WHAT NEEDS TO BE DONE:
Print the lines exactly. Start at the first line of the material below, end with the line that contains "It has a condenser, vapor", and skip all pictures.

DATA SECTION:
= = = =

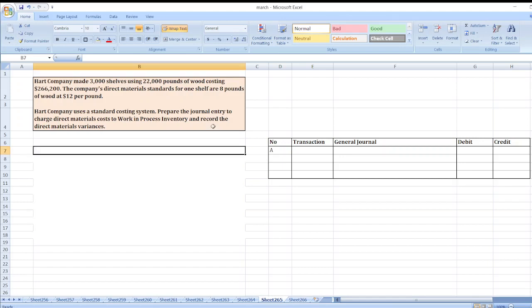The question: Hard Company made 3,000 units using 22,000 pounds of food costing $266,200. The company's direct material standards allow 8 pounds of food at $12 per pound. Hard Company uses a standard costing system. Prepare the journal entry to charge direct materials cost to Work in Process inventory and record the direct material variances.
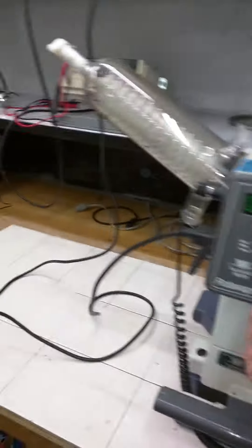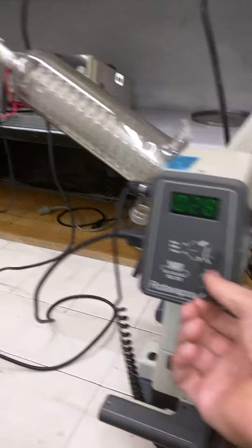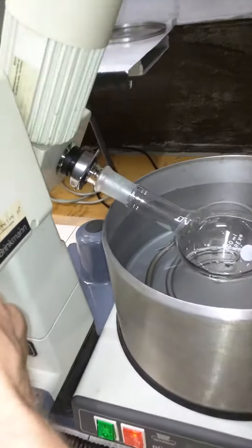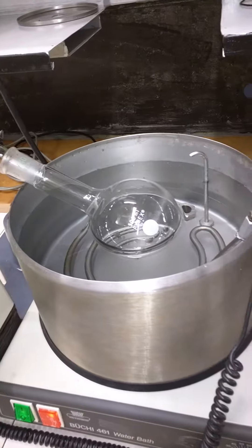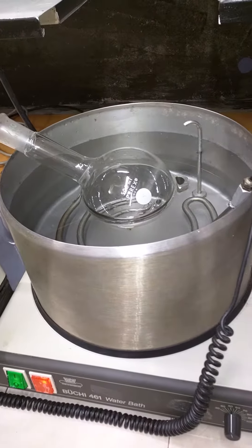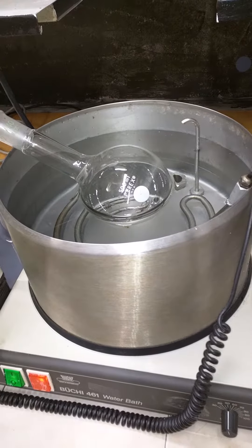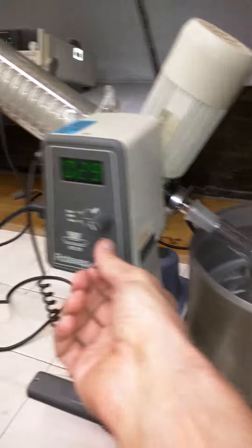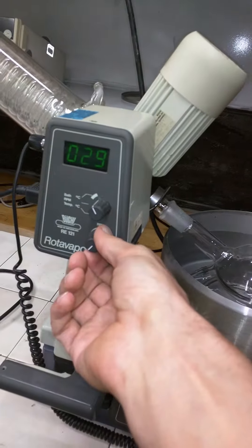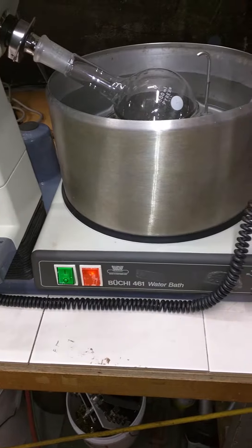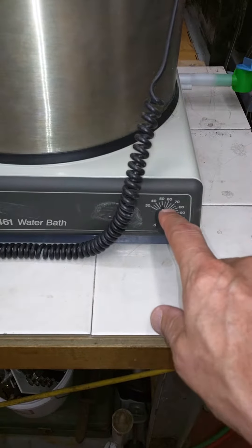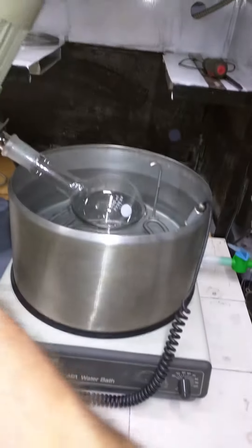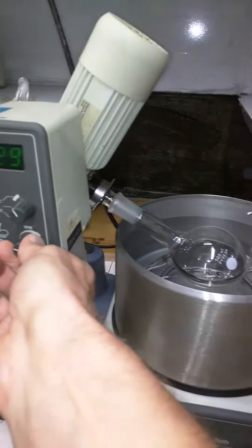It has a condenser, vapor duct, and sample flask connected. As you see, the temperature is already at 29, so it's getting in the water. Set the dial to 50 degrees Celsius and let's turn it on.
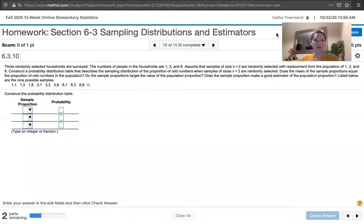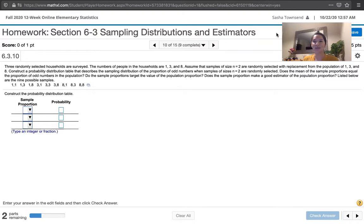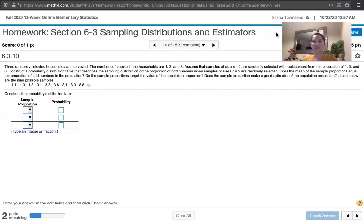In this video, we solve problem 6.3.10 from Essentials of Statistics, 6th edition by Mario Triola. We're told that three randomly selected households are surveyed. The numbers of people in the households are 1, 3, and 8 people. Assume that samples of size n equals 2 are randomly selected with replacement from the population of 1, 3, and 8. Construct a probability distribution table that describes the sampling distribution of the proportion of odd numbers when samples of size n equals 2 are randomly selected. Does the mean of the sample proportions equal the proportion of odd numbers in the population? Do the sample proportions target the value of the population proportion? Does the sample proportion make a good estimator of the population proportion?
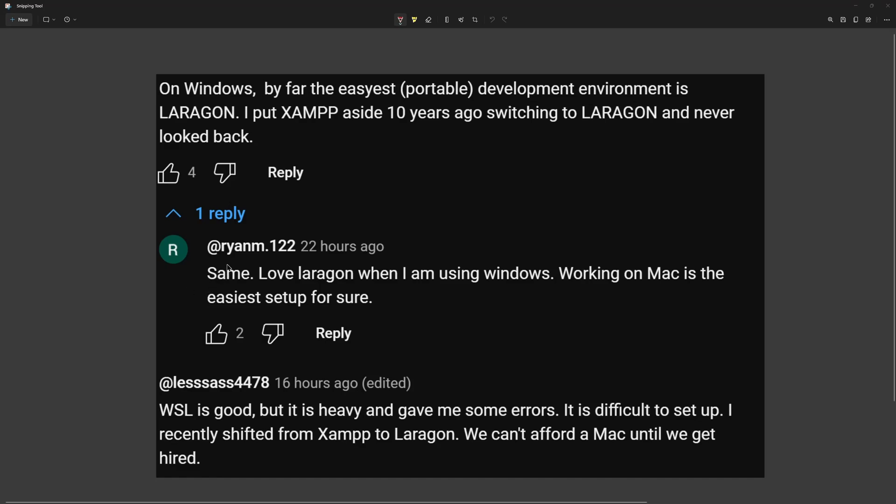So then we have a reply to this and is the same, love Laragon when I'm using on Windows, but working on Mac is the easiest setup for sure. Then we have this one. WSL is good, but it is heavy and gave me some errors. It is a difficult setup. With this one I am not agree, it's not a difficult setup, it's very easy to set up.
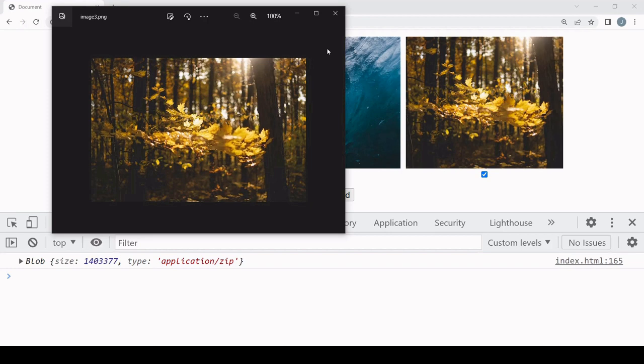That's it for this tutorial on starting a user download of multiple files using the example of images. If you found this useful, please consider hitting the like button below — it helps with the algorithm and helps others find this video. And if you'd like to see more content like this, don't forget to subscribe to the channel.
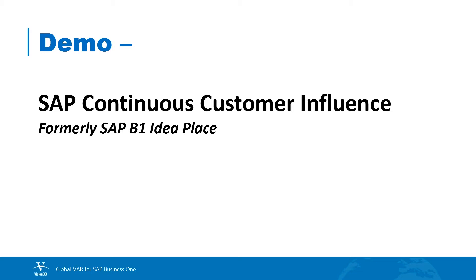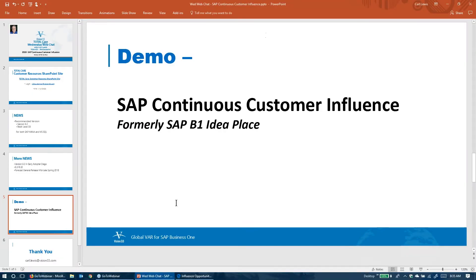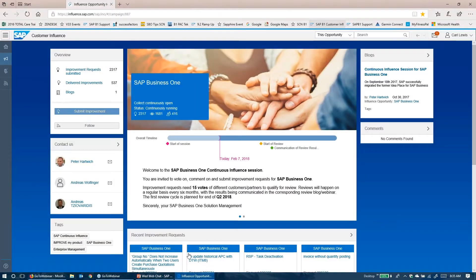So SAP Continuous Customer Influence. Formerly, this was known as the B1 Idea Place, the SAP Business One Idea Place. It was a place where you could go to put in your ideas about improvements for SAP Business One and vote on other people's ideas. SAP decided that they wanted to use a different website that they had been working on, and that's this one we're going to take a look at today — SAP Customer Influence. Here is basically the same concept as we used to have with the SAP Idea Place, and they've migrated all of the old history from the SAP Idea Place to this new SAP Customer Influence site.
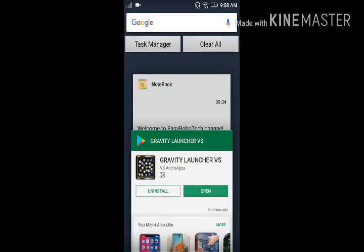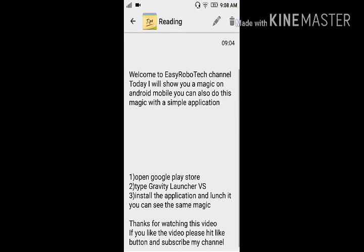Thanks for watching this video. If you like the video, please hit the like button and subscribe to my channel.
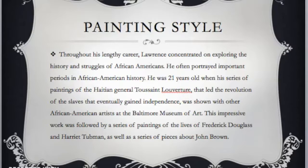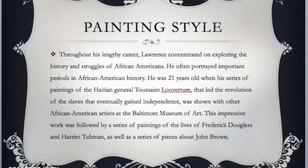When he was 21, his series of paintings of the Haitian General Toussaint L'Ouverture, who led the revolution of slaves and eventually gained independence, was shown with other African-American artists at the Baltimore Museum of Art. It was very impressive work. He followed that with a series of paintings representing Frederick Douglass and Harriet Tubman, as well as the abolitionist John Brown.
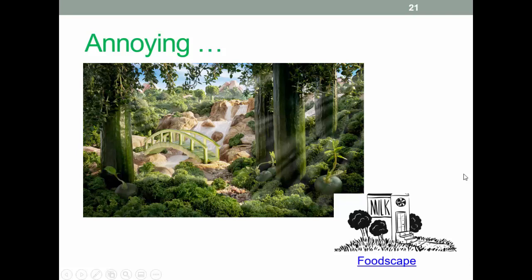The word 'foodscape' used to be a largely technical term related to places and spaces where people acquire food, prepare food, talk about food, or generally gather some meaning from food. This has recently been overtaken by images of landscapes made out of food — which are pretty, but it would be nice if they used a different word. There is a link in the notes covering the original technical definition of foodscape. That's all for the first lecture — I'll be back shortly with the second part. Thanks for listening.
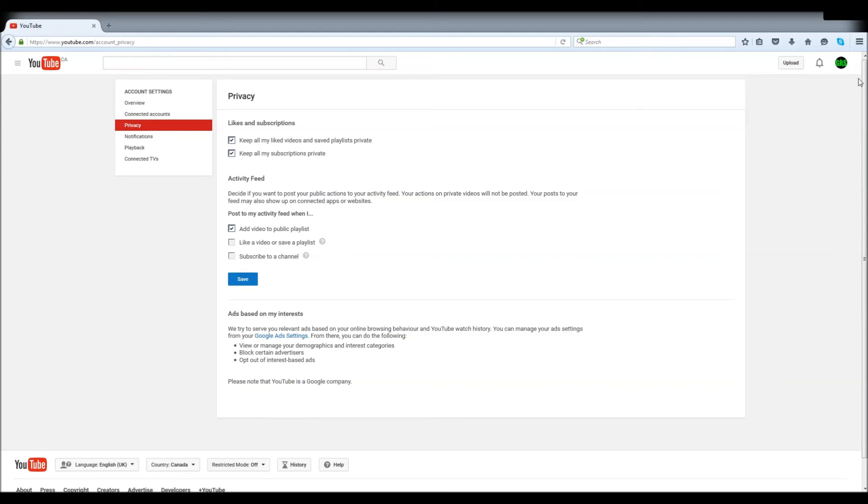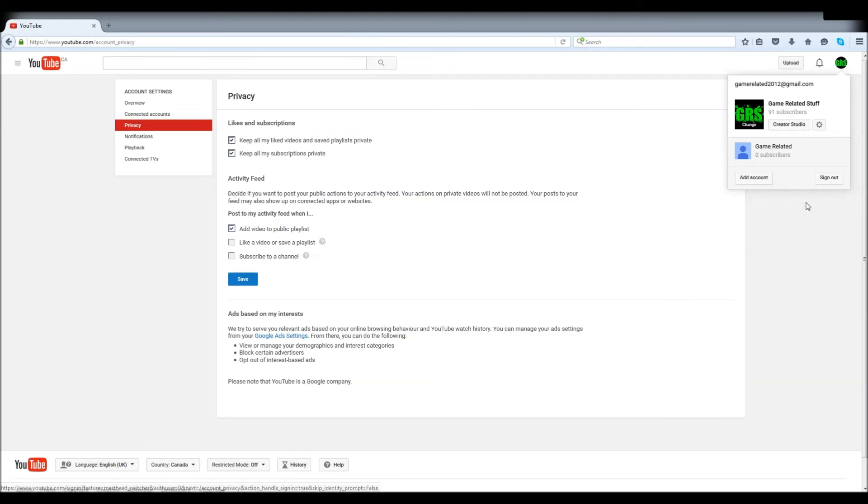So there you go, that's it. Click on your icon, click on the other icon, click on privacy.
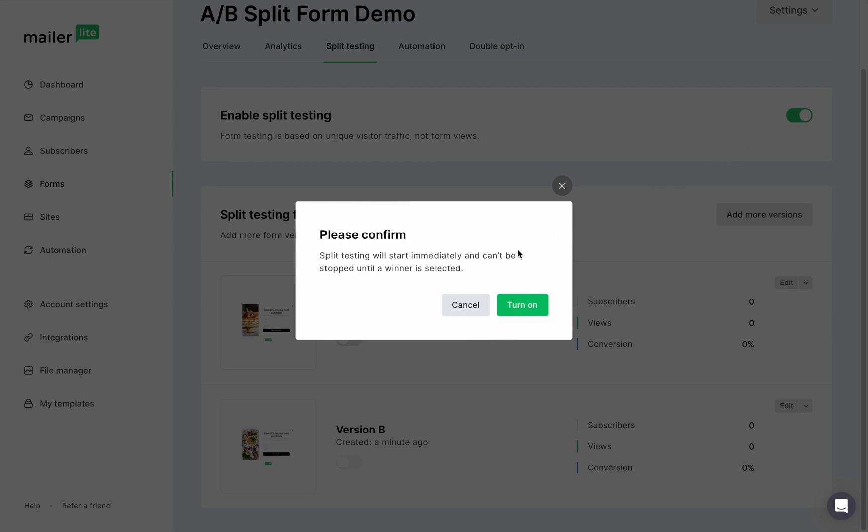This pop up lets you know that once split testing is turned on, it can't be turned off until a winner is chosen. But the design of the forms can still be edited even when the test is already running.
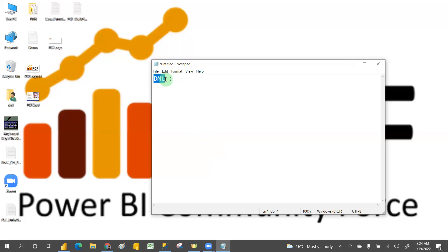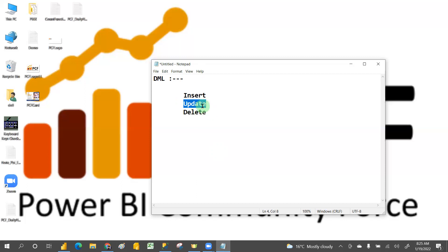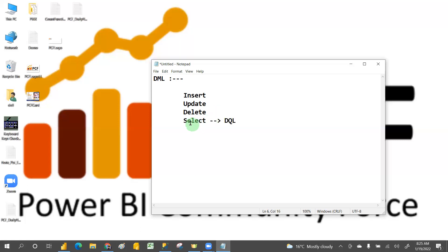In DML it will not talk about the structure — it will talk about the data only. Structure is ready now; you have to insert the data. So we have the INSERT command, then UPDATE, then DELETE. If you want to update data you use UPDATE, and wherever data you want to delete you use DELETE. And then SELECT — sometimes SELECT comes under DQL also, meaning Data Query Language.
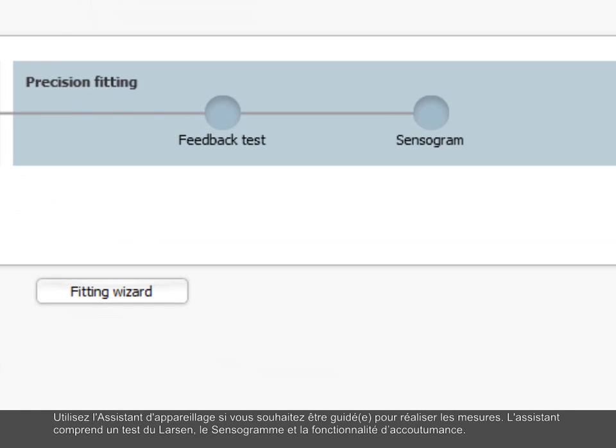Use the fitting wizard if you would like to have guidance through the measurements. The wizard consists of a feedback test, the sensorgram, and acclimatization.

= = = =

WRITTEN ANSWER:
The question: Hard Company made 3,000 units using 22,000 pounds of food costing $266,200. The company's direct material standards allow 8 pounds of food at $12 per pound. Hard Company uses a standard costing system. Prepare the journal entry to charge direct materials cost to Work in Process inventory and record the direct material variances.
It has a condenser, vapor duct, and sample flask connected. As you see, the temperature is already at 29, so it's getting in the water. Set the dial to 50 degrees Celsius and let's turn it on.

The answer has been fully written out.